In the competition's 56-year history, Italy have only managed to lift the cup – known as the Henri Delaunay Trophy – on one occasion.
They have experienced plenty of heartache along the way: finishing as runners-up twice and arriving among the last four teams on further two occasions.
Champions of Europe: Italy 2-0 Yugoslovia, 1968
Hosts Italy won the tournament in 1968, putting two goals past Yugoslavia at Rome's Stadio Olimpico in the final.
The goals came from star forwards Pietro Anastasi and Luigi Riva, who is still Italy's all-time top goal-scorer, having netted the ball 35 times in 42 appearances.
Back then, there was no 'extra-time' or penalties in the final game of the tournament, and so the match had to be replayed after the teams drew 1-1 in the first game. Italy then went on to win 2-0 in the second game.
The hosts crash out: Italy 1–1 Czechoslovakia, 1980 (Italy lose 9-8 on penalties)
After their famous victory, Italy failed to make it to the final stages of the competition until 1980, when they had home advantage once again.
In 1980, the structure of the contest was wildly different from today, having just eight participants, who were separated into two groups of four.
After the group stages, the two group leaders played eachother in the final, while the two teams in second place played against eachother to determine who finished third and fourth.
Italy missed the final after finishing second place in group two and then failed to beat Czechoslovakia in a third-place playoff.
Playing in front of a packed house at Naples' San Paolo stadium, the hosts went down 1-0 after Ladislav Jurkemik smashed a creamer past 38-year-old Italian goalkeeper Dino Zoff, who had been between the sticks for their victory 12 years earlier.
Italy drew level late in the match when Francesco Fraziani headed home from a free-kick for the Azzuri.
Following the final whistle, the match went to penalties, but Italy missed the chance to go to the final when Czech 'keeper Netolička saved Fulvio Collovati's penalty.
Semi-final pain: Italy 2–0 USSR, 1988
A slightly re-jigged format saw Italy facing the USSR for a place in the final, but a young-looking Italian side were no match for the Soviet's steel – and conceded twice in five minutes during the second half.
It would be the USSR's final appearance in a European Cup tournament as the forces of history were poised to topple the Berlin Wall and raise the iron curtain less than a year and a half after the match.

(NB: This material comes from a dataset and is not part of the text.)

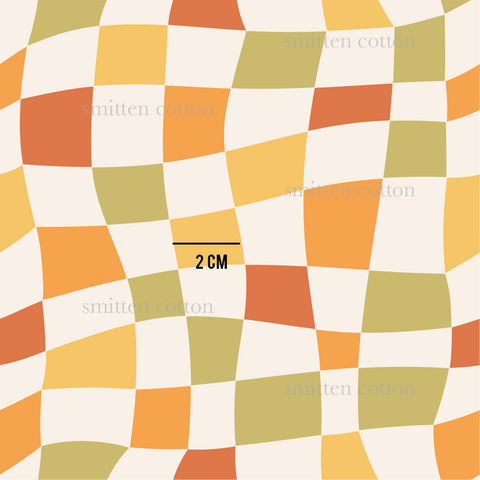 an orange and yellow checkered pattern with the word 2cm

The USSR went on to lose the final to the Netherlands 2–0, with goals coming from AC Milan stars Ruud Gullit and Marco Van Basten.
From the jaws of victory: Italy 1-2 France, 2000
By the time Euro 2000 was held in Belgium, the number of teams permitted to take part in the competition had doubled from eight to 16 – meaning Dino Zoff's men had to dig in for the long haul if they were to make the final.

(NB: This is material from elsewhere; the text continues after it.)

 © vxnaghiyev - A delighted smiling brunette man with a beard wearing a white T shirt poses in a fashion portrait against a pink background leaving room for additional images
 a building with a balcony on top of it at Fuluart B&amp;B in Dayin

Inspired by captain fantastic Paolo Maldini and the talismanic Francesco Totti, Italy overcame Romania and the Netherlands on their way to setting up a final showdown with reigning World Cup champions, France.
Under the floodlights at Rotterdam's Feijenoord Stadium, Italy struck first, with Marco Delvechhio making the breakthrough in the 58th minute.
Italy remained in front until the final seconds of stoppage time, when Bordeaux striker Sylvan Wiltord drove low past Francesco Toldo to take the game to extra time.
The game was to be settled by the short-lived 'golden goal' rule.
As the minutes ticked away, David Trezeguet peeled away from his man to smash the winner into the roof of the net at 81 kmph – handing Dino Zoff a second Euro final defeat.
A final drubbing: Italy 0–4 Spain, 2012
Four years ago, a resilient Italian side made it to the European final's once again, dumping out England and their historic bogey-team Germany on the way.
In the finals, they faced tough opposition in the form of reigning world champions, Spain.
The Spaniards proved too strong for Italy and the azzurri were 1-0 down within the first 15 minutes. They went on to lose the final 4-0, on what was a humbling night for the national side.
France 2016, in with a chance?
Four years on from their heartbreak in Kiev and much has changed for the blues, who have seen swathes of their star talent fade away or retire over the last four years.
With current manager, Antonio Conte, bound for Chelsea as soon as the tournament ends, many have questioned whether the side will be able to mount a serious challenge this time around
On paper at least, the team should make it out of their group (which other than Belgium, includes Sweden and the Republic of Ireland), but it will be a big ask if they are to make it to the finals this year.